**Task to complete**
A faithful copy of all the data below, please; leave no line out.

—————

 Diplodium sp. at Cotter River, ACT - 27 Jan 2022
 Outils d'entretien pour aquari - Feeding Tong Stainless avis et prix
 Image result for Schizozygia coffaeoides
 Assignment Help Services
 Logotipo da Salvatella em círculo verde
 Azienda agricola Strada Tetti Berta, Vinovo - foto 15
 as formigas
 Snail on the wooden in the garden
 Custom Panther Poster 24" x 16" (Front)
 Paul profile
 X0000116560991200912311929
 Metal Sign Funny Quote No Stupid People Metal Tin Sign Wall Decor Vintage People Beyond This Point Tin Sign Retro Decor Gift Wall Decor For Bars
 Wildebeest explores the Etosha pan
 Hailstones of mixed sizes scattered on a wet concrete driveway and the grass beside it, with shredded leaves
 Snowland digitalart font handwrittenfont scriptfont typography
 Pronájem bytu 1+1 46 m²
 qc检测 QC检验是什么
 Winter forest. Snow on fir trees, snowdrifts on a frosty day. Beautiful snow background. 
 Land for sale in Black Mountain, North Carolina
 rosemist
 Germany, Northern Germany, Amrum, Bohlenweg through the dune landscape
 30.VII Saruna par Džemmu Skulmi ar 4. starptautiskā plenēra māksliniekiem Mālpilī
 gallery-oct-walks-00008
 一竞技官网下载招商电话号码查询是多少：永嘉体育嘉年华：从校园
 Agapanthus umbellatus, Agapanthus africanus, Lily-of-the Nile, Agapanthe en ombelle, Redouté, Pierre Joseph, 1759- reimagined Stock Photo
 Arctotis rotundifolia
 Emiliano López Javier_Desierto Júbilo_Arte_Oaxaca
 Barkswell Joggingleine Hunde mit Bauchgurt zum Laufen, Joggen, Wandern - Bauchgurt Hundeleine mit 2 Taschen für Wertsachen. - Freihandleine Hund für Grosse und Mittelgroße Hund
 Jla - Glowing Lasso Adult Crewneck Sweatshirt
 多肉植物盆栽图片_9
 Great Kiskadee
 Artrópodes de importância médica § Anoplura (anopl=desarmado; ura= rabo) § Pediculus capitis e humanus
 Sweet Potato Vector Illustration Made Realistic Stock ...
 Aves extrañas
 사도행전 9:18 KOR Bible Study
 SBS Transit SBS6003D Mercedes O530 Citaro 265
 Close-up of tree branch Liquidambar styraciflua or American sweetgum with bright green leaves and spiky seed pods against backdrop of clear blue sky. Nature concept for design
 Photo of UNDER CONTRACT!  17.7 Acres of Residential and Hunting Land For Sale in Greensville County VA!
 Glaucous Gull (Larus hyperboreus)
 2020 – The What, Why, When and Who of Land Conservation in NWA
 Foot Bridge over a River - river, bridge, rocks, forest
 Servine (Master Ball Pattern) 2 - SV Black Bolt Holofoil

—————

**Task response**
 Diplodium sp. at Cotter River, ACT - 27 Jan 2022
 Outils d'entretien pour aquari - Feeding Tong Stainless avis et prix
 Image result for Schizozygia coffaeoides
 Assignment Help Services
 Logotipo da Salvatella em círculo verde
 Azienda agricola Strada Tetti Berta, Vinovo - foto 15
 as formigas
 Snail on the wooden in the garden
 Custom Panther Poster 24" x 16" (Front)
 Paul profile
 X0000116560991200912311929
 Metal Sign Funny Quote No Stupid People Metal Tin Sign Wall Decor Vintage People Beyond This Point Tin Sign Retro Decor Gift Wall Decor For Bars
 Wildebeest explores the Etosha pan
 Hailstones of mixed sizes scattered on a wet concrete driveway and the grass beside it, with shredded leaves
 Snowland digitalart font handwrittenfont scriptfont typography
 Pronájem bytu 1+1 46 m²
 qc检测 QC检验是什么
 Winter forest. Snow on fir trees, snowdrifts on a frosty day. Beautiful snow background. 
 Land for sale in Black Mountain, North Carolina
 rosemist
 Germany, Northern Germany, Amrum, Bohlenweg through the dune landscape
 30.VII Saruna par Džemmu Skulmi ar 4. starptautiskā plenēra māksliniekiem Mālpilī
 gallery-oct-walks-00008
 一竞技官网下载招商电话号码查询是多少：永嘉体育嘉年华：从校园
 Agapanthus umbellatus, Agapanthus africanus, Lily-of-the Nile, Agapanthe en ombelle, Redouté, Pierre Joseph, 1759- reimagined Stock Photo
 Arctotis rotundifolia
 Emiliano López Javier_Desierto Júbilo_Arte_Oaxaca
 Barkswell Joggingleine Hunde mit Bauchgurt zum Laufen, Joggen, Wandern - Bauchgurt Hundeleine mit 2 Taschen für Wertsachen. - Freihandleine Hund für Grosse und Mittelgroße Hund
 Jla - Glowing Lasso Adult Crewneck Sweatshirt
 多肉植物盆栽图片_9
 Great Kiskadee
 Artrópodes de importância médica § Anoplura (anopl=desarmado; ura= rabo) § Pediculus capitis e humanus
 Sweet Potato Vector Illustration Made Realistic Stock ...
 Aves extrañas
 사도행전 9:18 KOR Bible Study
 SBS Transit SBS6003D Mercedes O530 Citaro 265
 Close-up of tree branch Liquidambar styraciflua or American sweetgum with bright green leaves and spiky seed pods against backdrop of clear blue sky. Nature concept for design
 Photo of UNDER CONTRACT!  17.7 Acres of Residential and Hunting Land For Sale in Greensville County VA!
 Glaucous Gull (Larus hyperboreus)
 2020 – The What, Why, When and Who of Land Conservation in NWA
 Foot Bridge over a River - river, bridge, rocks, forest
 Servine (Master Ball Pattern) 2 - SV Black Bolt Holofoil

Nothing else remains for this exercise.